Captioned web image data

---+---

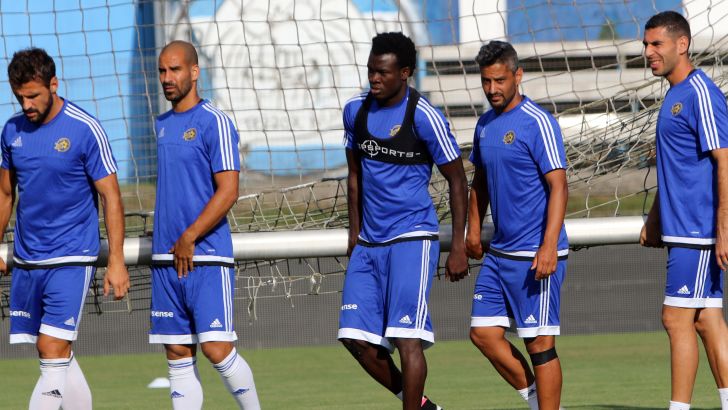 כדורגל זה ספורט קבוצתי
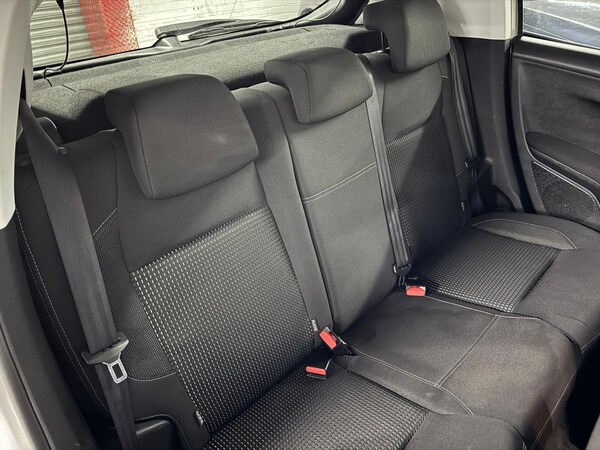 Used Peugeot 208 2015 for sale - 75378111: Photo 27
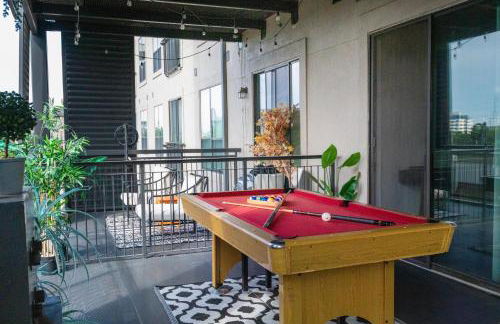 The Treehouse Spacious & Fun 2BR Retreat in the Heart of the Domain - Foto 1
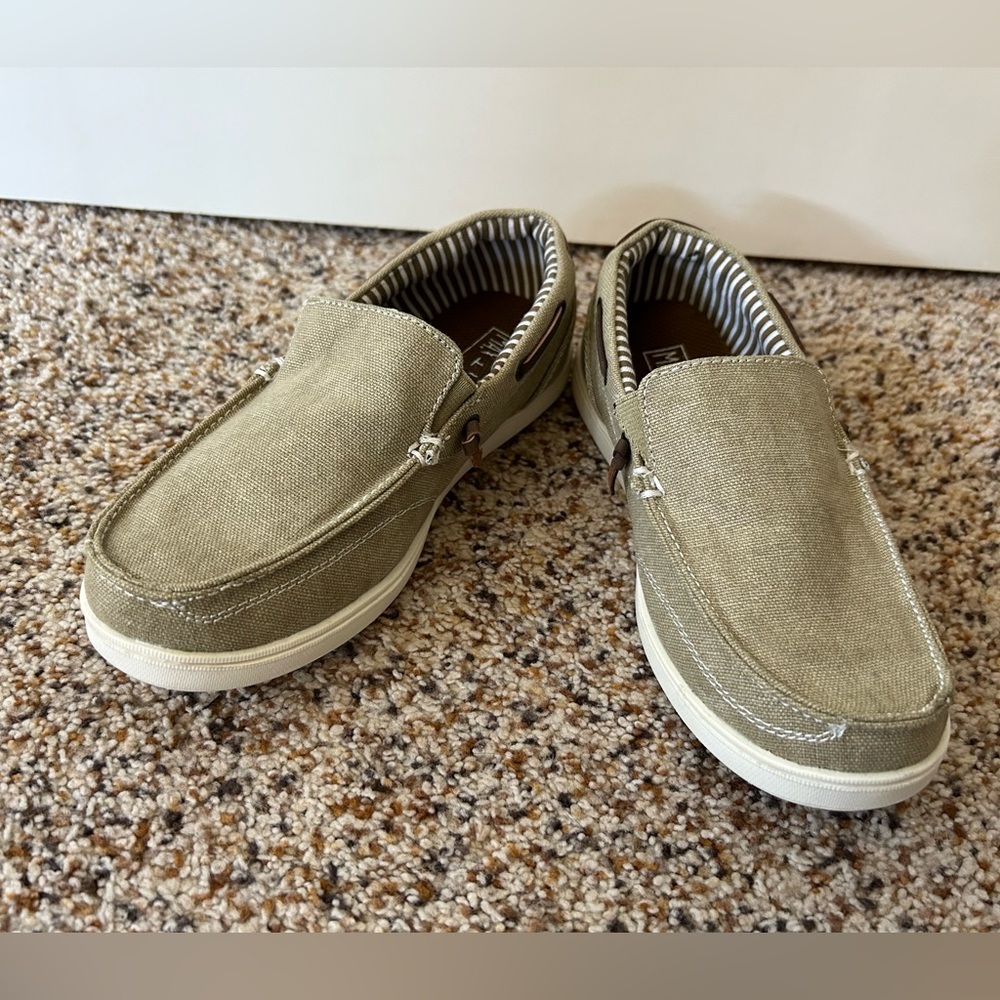 NWOT Max & Jake little boy slip on size 3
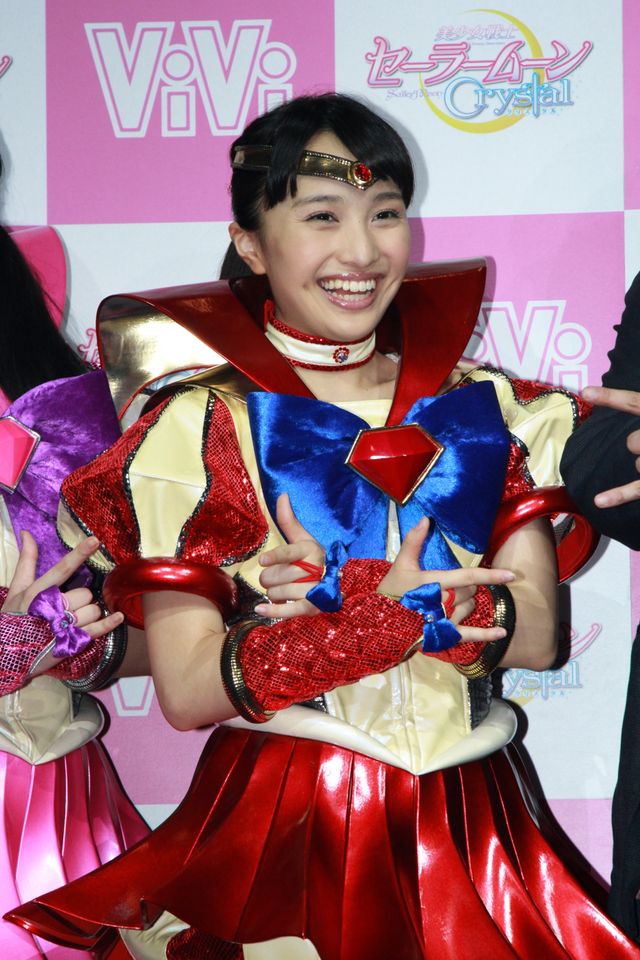 ももクロ「セーラームーン」風の新衣装！フォトギャラリー（4枚目）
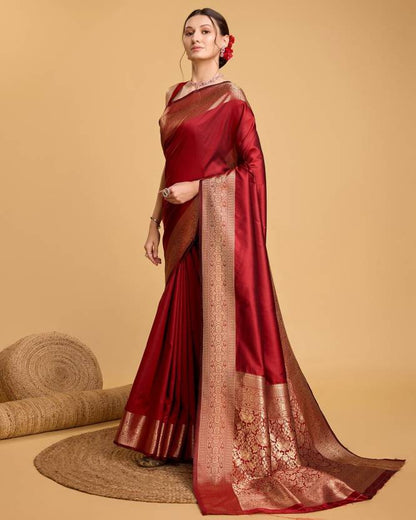 Red Kanjivaram Silk Saree with Rich Golden Zari Border & Pallu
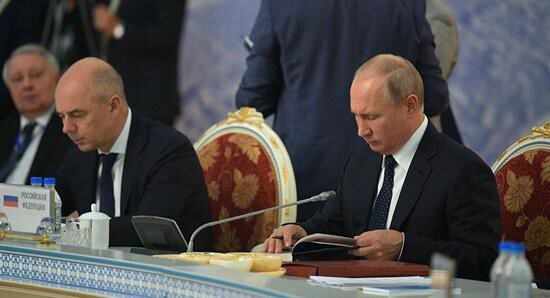 Tham dự hội nghị thượng đỉnh, Tổng thống Putin say sưa đọc thơ Pushkin trong giờ nghỉ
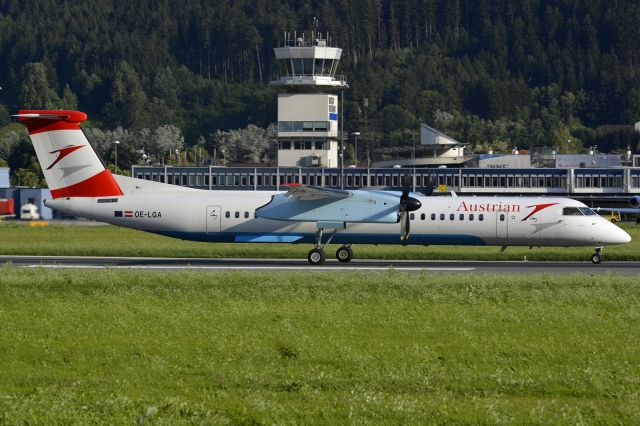 de Havilland Dash 8-400 (OE-LGA)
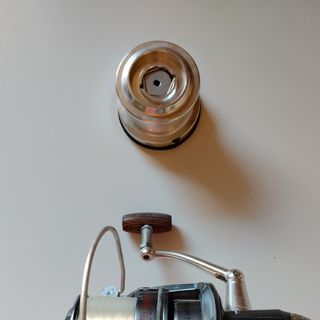 Carrete de pesca HR860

---+---

» DIRECTIONS: Write every line above again exactly, but leave the pictures out.

» ANSWER BOX:
 כדורגל זה ספורט קבוצתי
 Used Peugeot 208 2015 for sale - 75378111: Photo 27
 The Treehouse Spacious & Fun 2BR Retreat in the Heart of the Domain - Foto 1
 NWOT Max & Jake little boy slip on size 3
 ももクロ「セーラームーン」風の新衣装！フォトギャラリー（4枚目）
 Red Kanjivaram Silk Saree with Rich Golden Zari Border & Pallu
 Tham dự hội nghị thượng đỉnh, Tổng thống Putin say sưa đọc thơ Pushkin trong giờ nghỉ
 de Havilland Dash 8-400 (OE-LGA)
 Carrete de pesca HR860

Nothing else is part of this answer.